At the end of October, the NCAA approved a wave of changes for the benefit of student-athletes, including one that would allow conferences to offer up to $2,000 extra in scholarship money to athletes each year.

Now, the fate of that new rule remains uncertain, leaving high school student-athletes hoping to receive extra scholarship money in limbo.

Ninety-seven schools have signed a petition asking the NCAA to override the measure at January's annual NCAA convention, according to an Associated Press report from Wednesday. (Only 75 signatures were needed for the override challenge.)

If 125 schools sign the petition by Dec. 26, the new stipend will automatically be eliminated, the AP reports.

Why did the NCAA pass the stipend measure in the first place? One 2010 study from the National College Players Association estimated that athletic scholarships, which cover only tuition, room and board, and books, leave students paying roughly $3,000 out of pocket each year (depending, of course, on which school they're attending).

After discussing the possibility of a stipend at a two-day presidents' retreat over the summer, the NCAA board of directors implemented it on Oct. 27.

Remember, though, that just because the NCAA would allow conferences to offer the "full-cost" scholarships didn't mean they had to follow through.

Sure, you could argue that any conference that didn't offer their student-athletes extra scholarship money would be at a competitive disadvantage in recruiting, but is that much different from the current discrepancies between, say, Ohio State University and Ohio University, for example?

A Lucky Few?

Here's where the potential revocation of the stipend gets tricky.
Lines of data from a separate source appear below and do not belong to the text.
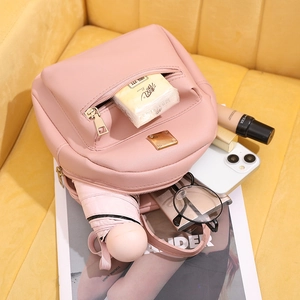Mini zaino rosa in pelle PU con placca dorata e scomparti per oggetti quotidiani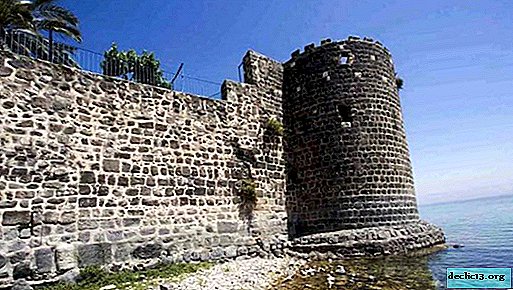 Mesto Tiberias - versko svetišče, letovišče in zdravilišče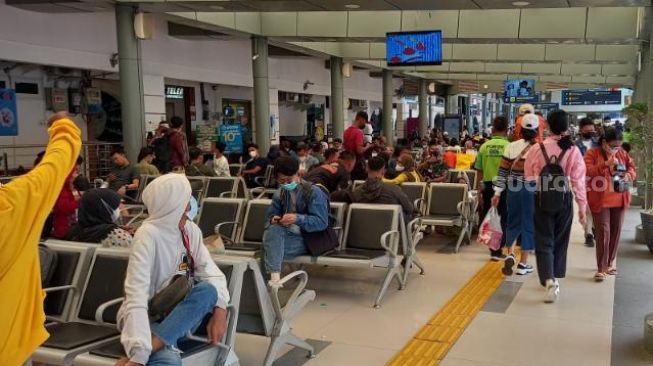 Libur Nataru: 287 Ribu Tiket Kereta Api Sudah Ludes Terjual, Jangan Sampai Kehabisan!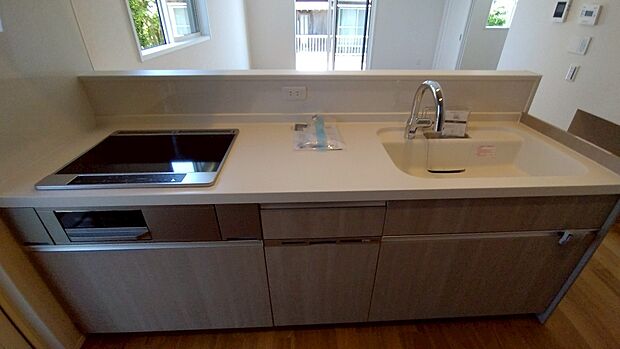 【キッチン】同仕様物件の写真です。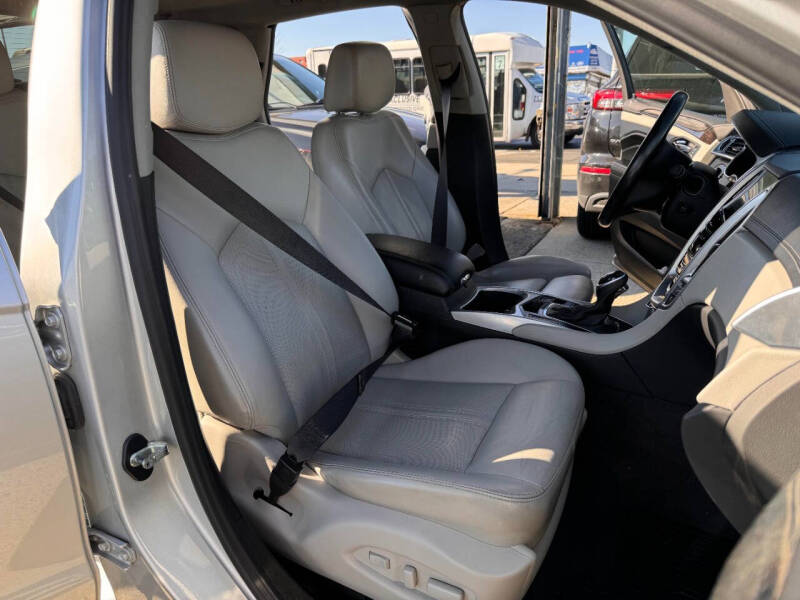 2016 Cadillac SRX Performance Collection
David Berst, the Division I vice president of governance, told the AP that somewhere around 1,000 high school student-athletes signed letters-of-intent with their future colleges in November, with the understanding that they'd be receiving an extra $2,000 of scholarship money.

Even if the stipend plan gets revoked by virtue of 125 schools signing on to the petition, Berst told the AP that the student-athletes who already signed would still receive their extra money.

"We would honor the agreements that have taken place," Berst said. "So even if you were to rescind the rule as of Dec. 26 and not operate under that rule in the future, we would honor those agreements. I think that causes the board to redouble its efforts at the January meeting."

The NCAA did not immediately respond with a comment to an Education Week inquiry about the petition.

Christine Brennan of USA Today, who originally tweeted the news about the petition, suggested that a good bit of opposition to the stipend could stem from the fact that only 22 of 331 Division I athletic departments turned a profit last year.

As Brennan tweeted, "Football does not pay for field hockey, folks."

Berst appeared to confirm that theory to the AP, noting that most of the opposition to the stipend came from Football Championship Subdivision schools (aka, schools in "mid-major" conferences) and schools without football teams.

If the petition doesn't get the 125 signatures required to automatically revoke the measure, the Division I board will be forced to take the proposal up at its annual convention in January. At the convention, the board could rescind the stipend, modify the rule, or allow member schools to vote on the override, according to the AP.